Exercise requirements » In the records below, the lines between the one holding "Hands with blue" and the one holding "Muadzam Şah, Malezya", inclusive, are to be transcribed exactly; no pictures are to be included.

Extracted material »
******************************

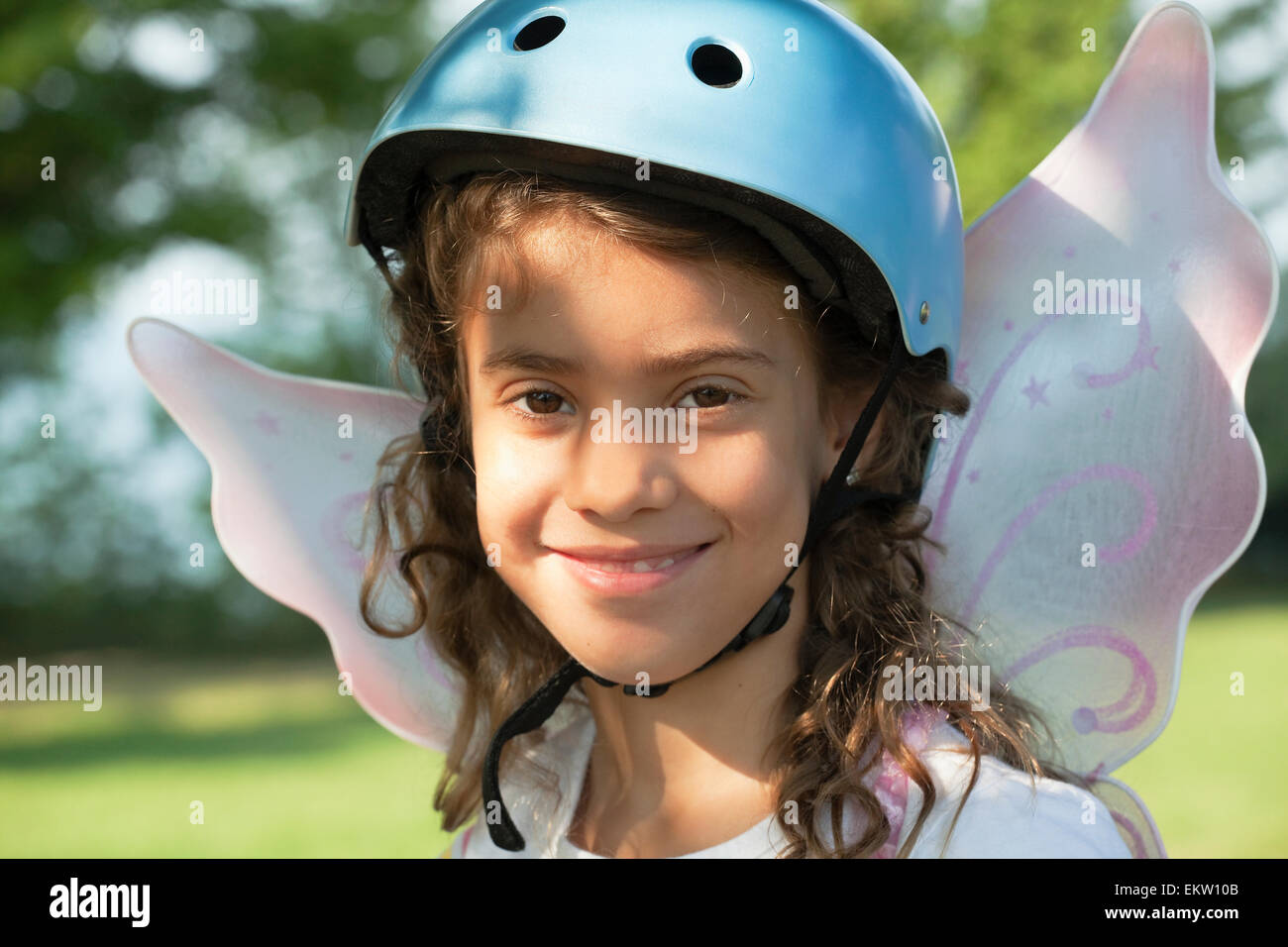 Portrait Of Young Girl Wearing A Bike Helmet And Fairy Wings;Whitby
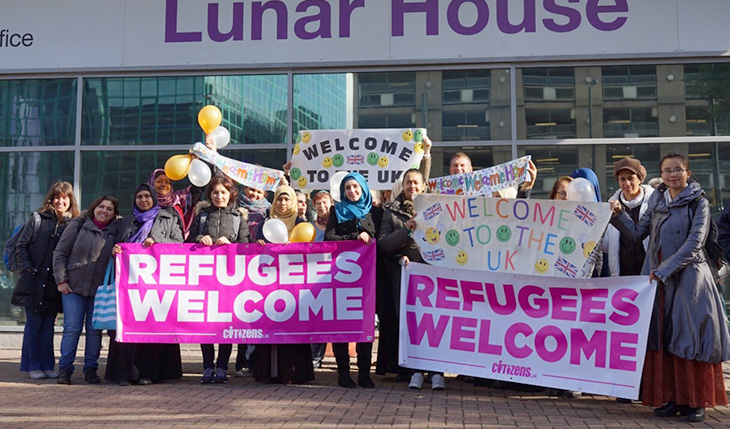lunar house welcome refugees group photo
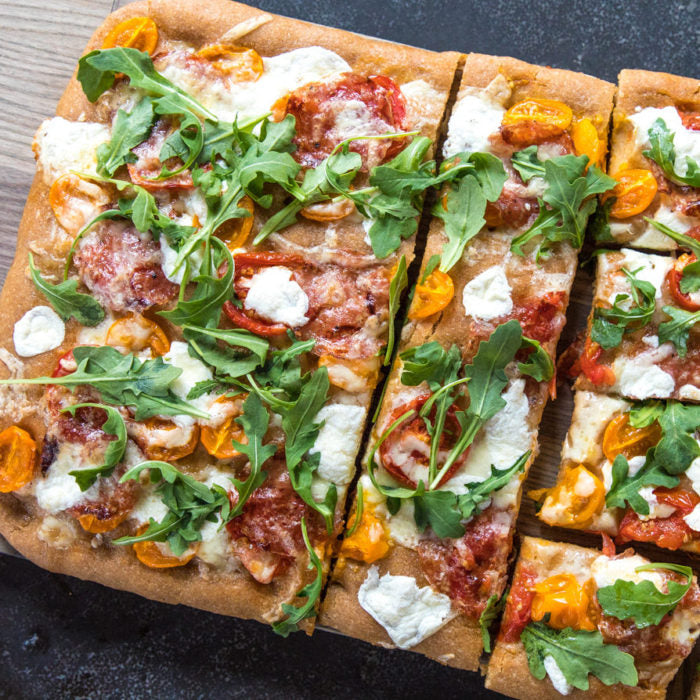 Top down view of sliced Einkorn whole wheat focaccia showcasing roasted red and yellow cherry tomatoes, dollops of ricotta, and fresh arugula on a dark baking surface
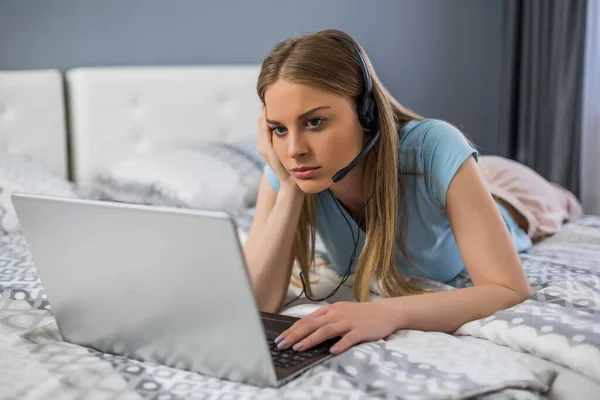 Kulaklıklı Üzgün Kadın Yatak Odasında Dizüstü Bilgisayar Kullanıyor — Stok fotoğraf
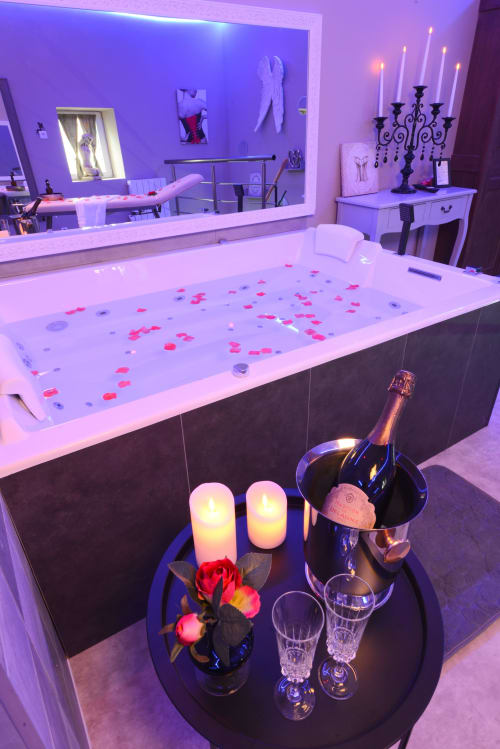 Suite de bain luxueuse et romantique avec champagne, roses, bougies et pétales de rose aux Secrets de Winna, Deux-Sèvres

******************************

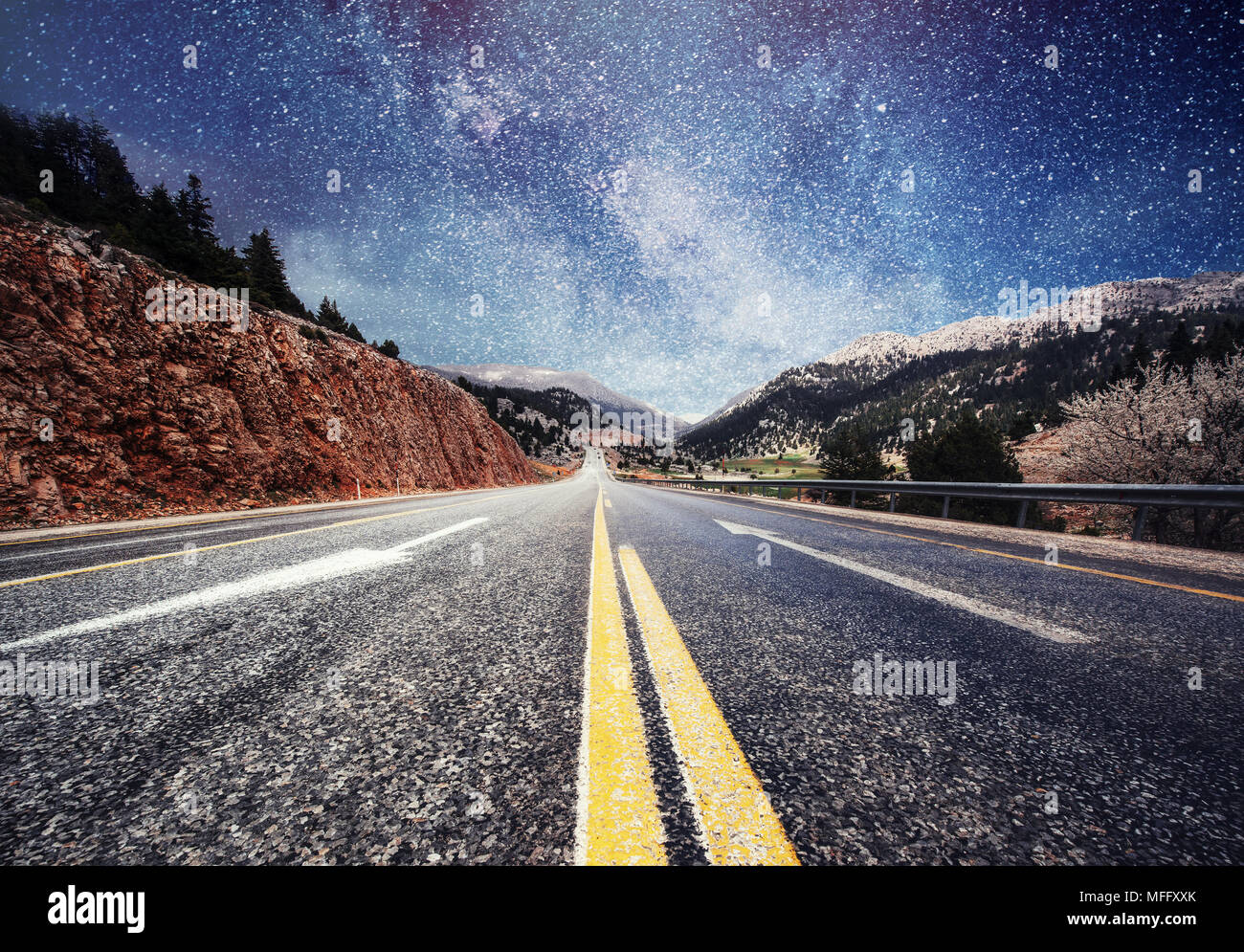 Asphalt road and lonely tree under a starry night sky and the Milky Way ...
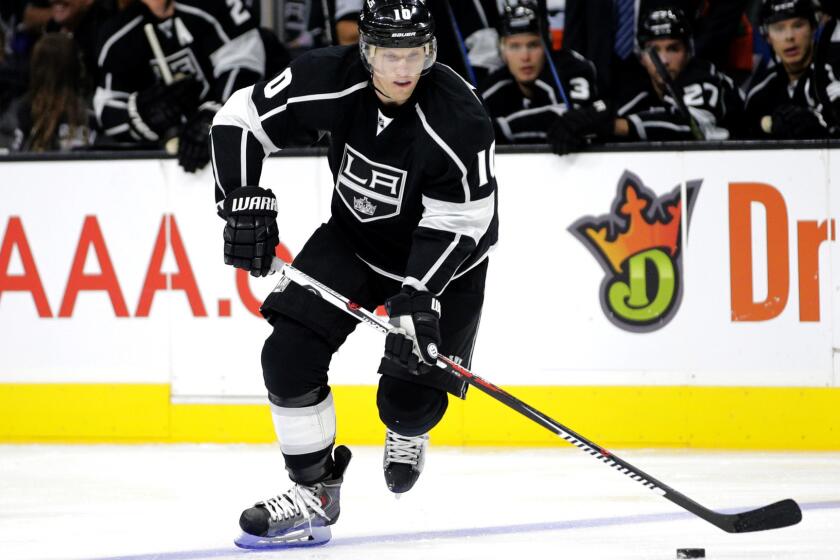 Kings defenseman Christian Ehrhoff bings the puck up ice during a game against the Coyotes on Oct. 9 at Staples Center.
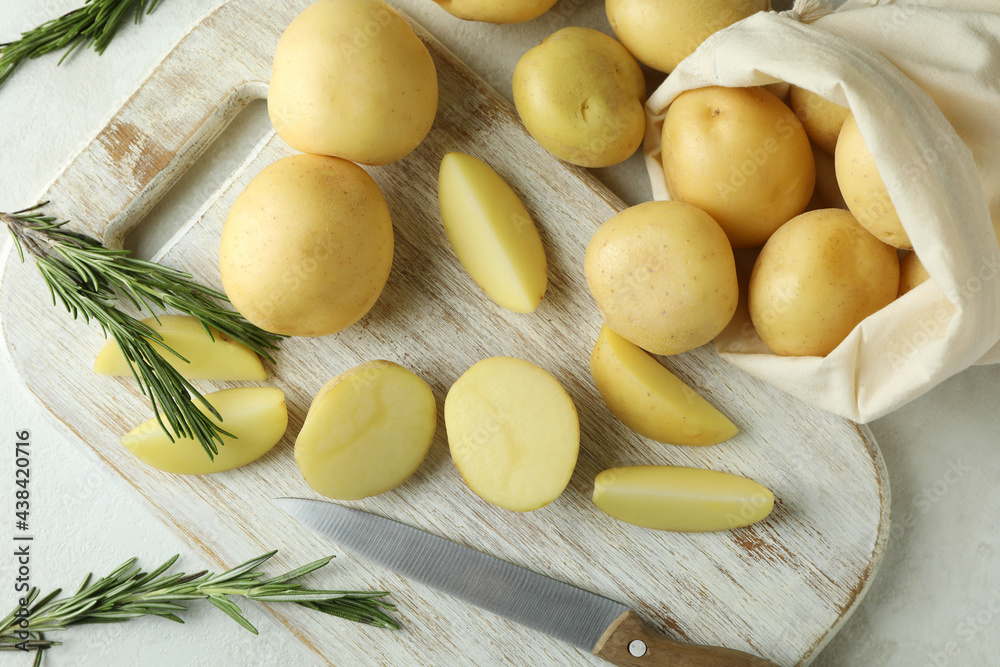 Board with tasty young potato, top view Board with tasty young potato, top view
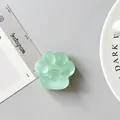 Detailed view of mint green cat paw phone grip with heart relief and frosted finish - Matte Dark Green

******************************

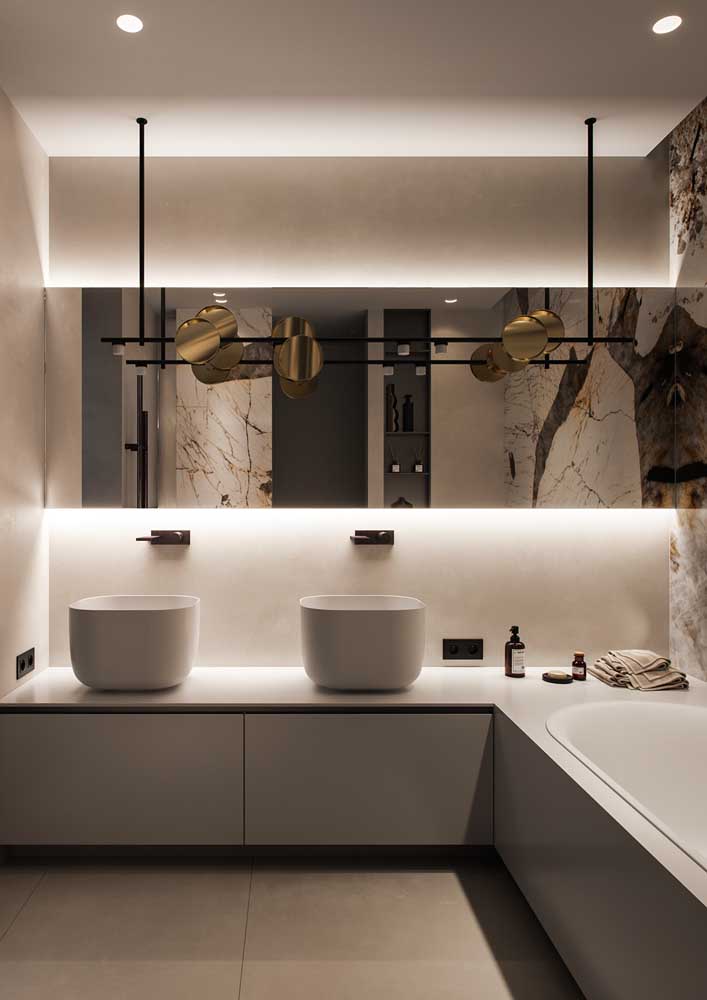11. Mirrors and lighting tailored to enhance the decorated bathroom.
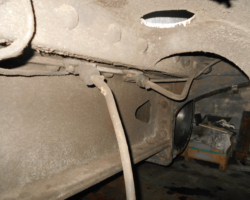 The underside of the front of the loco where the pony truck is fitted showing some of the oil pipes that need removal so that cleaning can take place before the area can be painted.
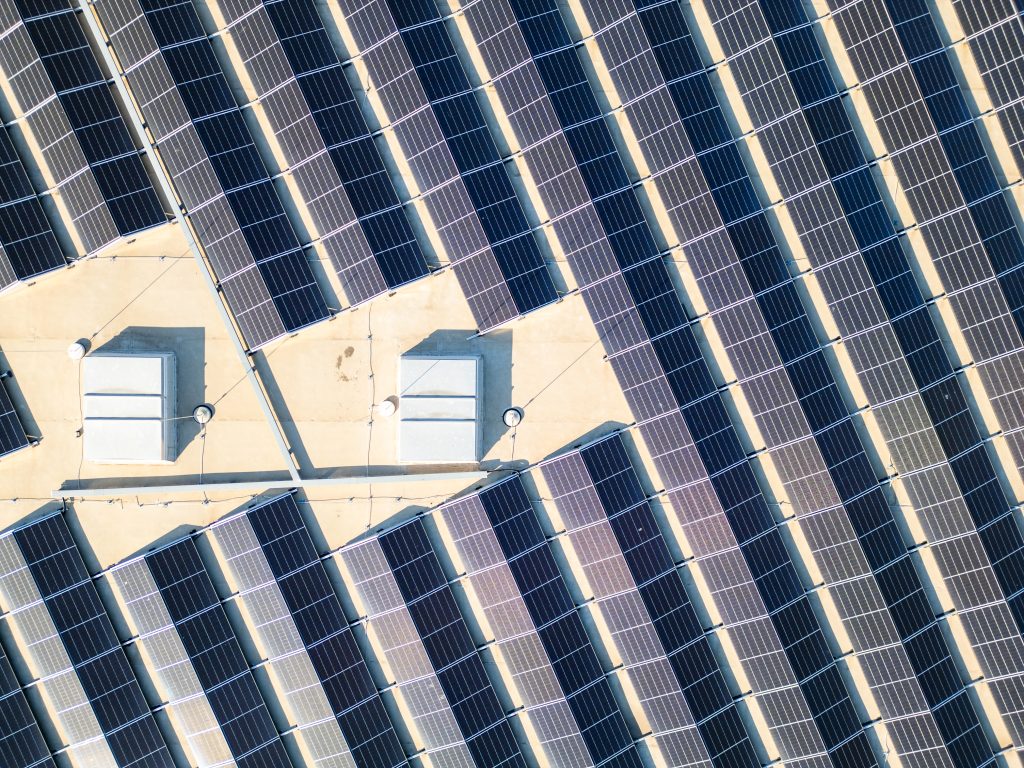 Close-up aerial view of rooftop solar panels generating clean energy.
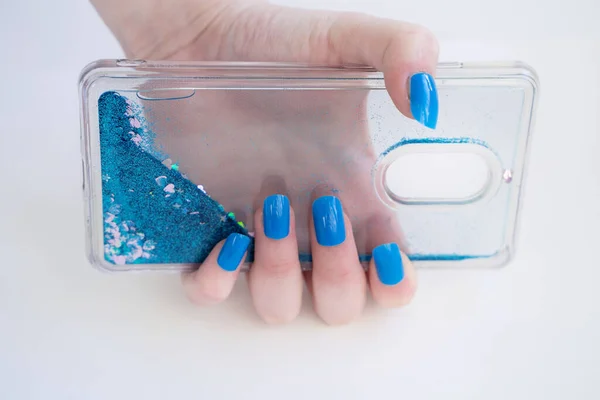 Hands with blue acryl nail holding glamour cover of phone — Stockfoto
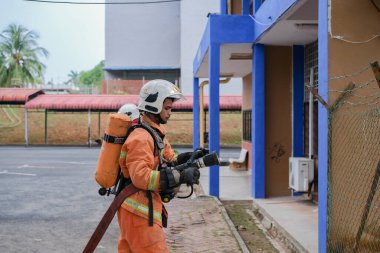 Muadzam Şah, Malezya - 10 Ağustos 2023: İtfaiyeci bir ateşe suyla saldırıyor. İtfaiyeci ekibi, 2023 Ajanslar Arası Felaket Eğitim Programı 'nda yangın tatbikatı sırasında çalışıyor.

******************************

Answer box »
 Hands with blue acryl nail holding glamour cover of phone — Stockfoto
 Muadzam Şah, Malezya - 10 Ağustos 2023: İtfaiyeci bir ateşe suyla saldırıyor. İtfaiyeci ekibi, 2023 Ajanslar Arası Felaket Eğitim Programı 'nda yangın tatbikatı sırasında çalışıyor.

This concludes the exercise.